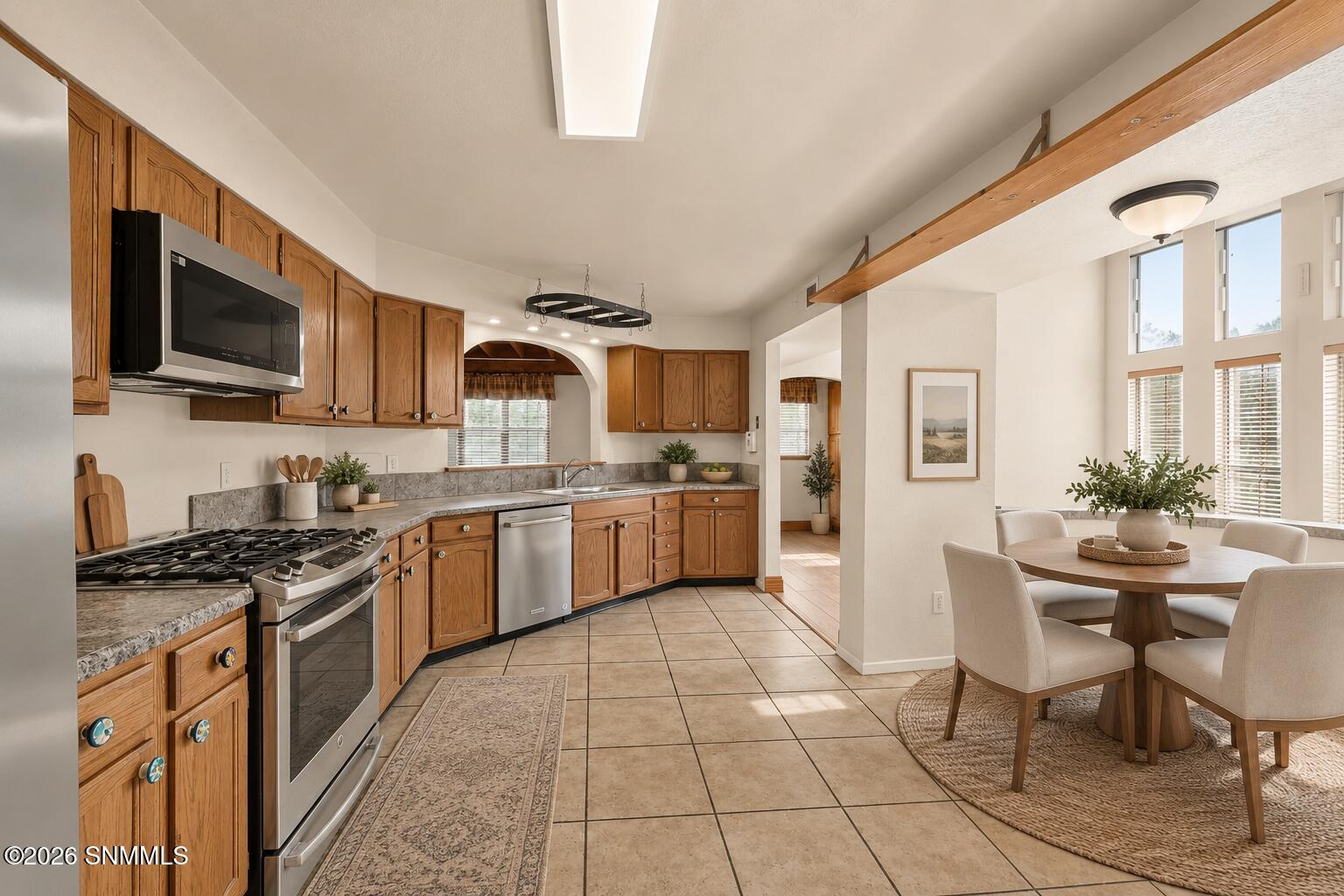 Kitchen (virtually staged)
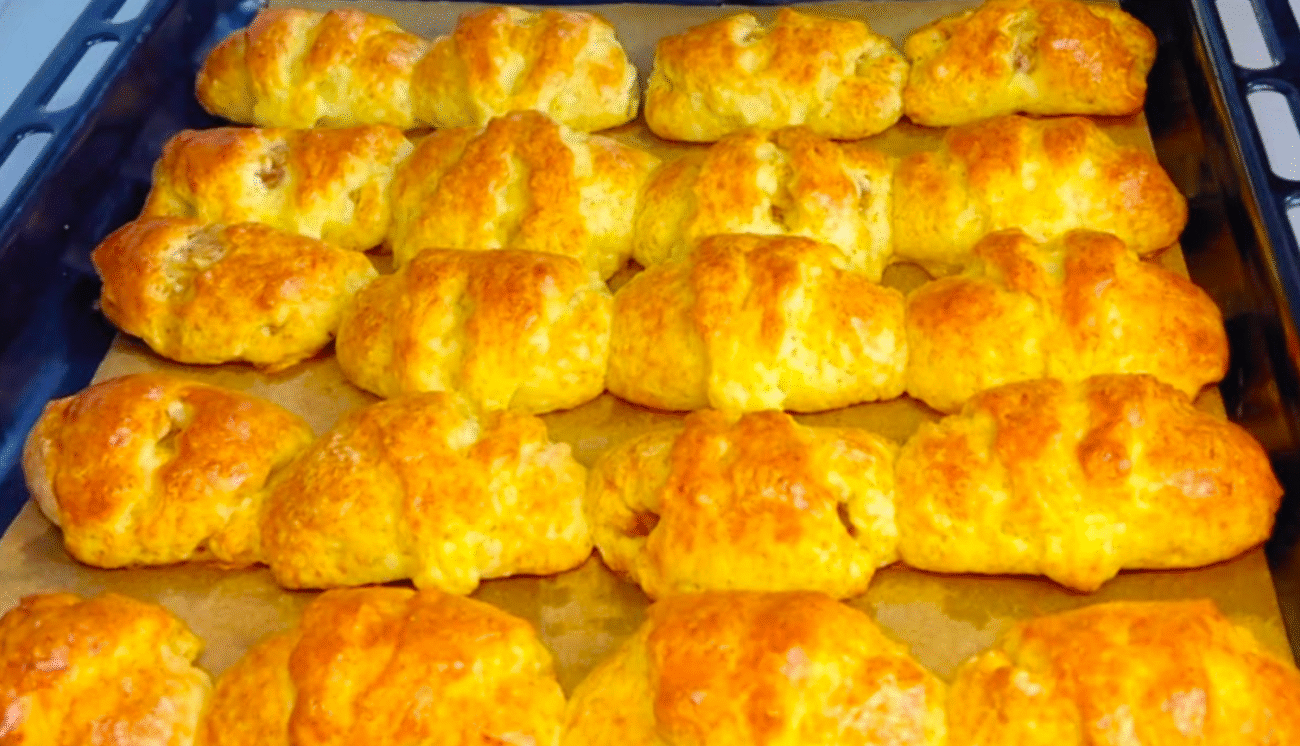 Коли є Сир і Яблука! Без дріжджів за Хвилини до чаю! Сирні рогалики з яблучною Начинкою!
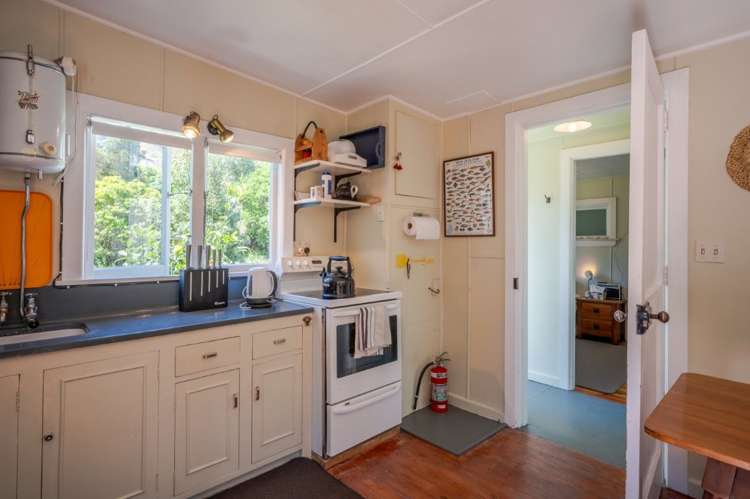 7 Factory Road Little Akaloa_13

===============

**What this task involves**
Copy out every line of the data exactly, leaving the images behind.

**Output**
 Kitchen (virtually staged)
 Коли є Сир і Яблука! Без дріжджів за Хвилини до чаю! Сирні рогалики з яблучною Начинкою!
 7 Factory Road Little Akaloa_13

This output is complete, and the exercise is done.